Алеша тоже попал в наш инженерный барак. Немцы признали, что студент, фактически закончивший куре обучения и уже работавший над дипломом, является человеком с «законченным техническим образованием». Алеша, сказав, правда, что он архитектор, утаил, что он «художник-архитектор», а не архитектор-строитель. Но всяком случае, с первого дня пребывания в нашем бараке он снова рьяно принялся за деятельность «адъютанта помощника коменданта барака».
Во второй половине апреля было официально объявлено, что в следующий понедельник наш лагерь закрывается и весь состав пленных переводится в лагерь Норд, на два-три дня, для отправки в Германию. А в воскресенье, рано утром, еще до подъема, меня разбудил Алеша. «Вставайте скорее, майор! Знаете, что случилось? Бирюгина Тольку убили! Ночью в уборной. В лагере полно немцев, Геккер здесь, Скипенко выполз…» — «Кто убил? Как его убили?» — спрашивал я, поспешно одеваясь. — «Не знаю!.. Не знаю… убили, вот и все!» — Я вышел на крыльцо барака, там уже стояла толпа любопытных. Уборная была оцеплена солдатами и местной городской полицией, туда никого не пускали, а всех нуждающихся в посещении этого учреждения направляли в открытую уборную за конюшнями. По крайней мере часа полтора немцы чем-то занимались в уборной, приезжал фотограф, входили и выходили какие-то штатские, офицеры со значками СС, потом вынесли на носилках тело убитого, завернутое в одеяло, положили его в автомашину и увезли. Раздачу утреннего пайка задержали. Весь лагерь выстроили на дворе, и комендант Геккер через переводчика сказал: «Сегодня ночью кто-то из вас, стоящих сейчас в строю, зверски убил и потом надругался над телом одного из ваших же администраторов-полицейских. Это — преступление, и поэтому мы примем все меры для выявления преступника или преступников. Дело передано в специальные организации, и убийцы будут найдены и наказаны. Предупреждаю, что если кто-либо из вас имеет какие-нибудь сведения об этом преступлении, он обязан немедленно сообщить о них мне или начальнику вашей внутренней полиции господину Скипенко.

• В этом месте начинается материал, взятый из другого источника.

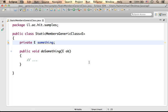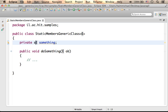For that reason, it is impossible to define static members that use the unknown type. For example, it is impossible to define a static variable whose type is E.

Знающие что-либо по этому делу, но скрывающие свое знание, будут расцениваться как соучастники преступления и понесут такое же наказание, как и сами убийцы».
Нас распустили, выдали утренний паёк, но у уборной немецкие солдаты оставались стоять караулом до полудня. Туда всё еще ходили немцы, что-то осматривали, проверяли, измеряли и фотографировали. Конечно, весь день в лагере только и говорили что об убийстве Бирюгина. Постепенно выяснилась вся картина того, что произошло. Бирюгин был на ночном дежурстве. Очевидно, незадолго до рассвета, около уборной, на него напало несколько человек, втащили его в уборную, завязали рот и совершенно зверски избили. У Бирюгина были переломаны обе руки, голень, оторвано ухо, нос сломан и все тело изранено. Били его, наверно, довольно долго, но не до смерти. Потом Бирюгина опустили, со связанными за спиной руками, головой в одно из очков уборной, так что он по грудь оказался погруженным в содержимое ямы, и он умер, захлебнувшись в этой жиже. На стене углем была сделана надпись: «Всем гадам одна участь!» Первые посетители уборной утром обнаружили торчащие из очка человеческие ноги, привязанные ремнем к деревянному бруску, и сообщили дежурным полицаям. Пояс, которым привязали в подвешенном положении тело, был поясом самого Бирюгина.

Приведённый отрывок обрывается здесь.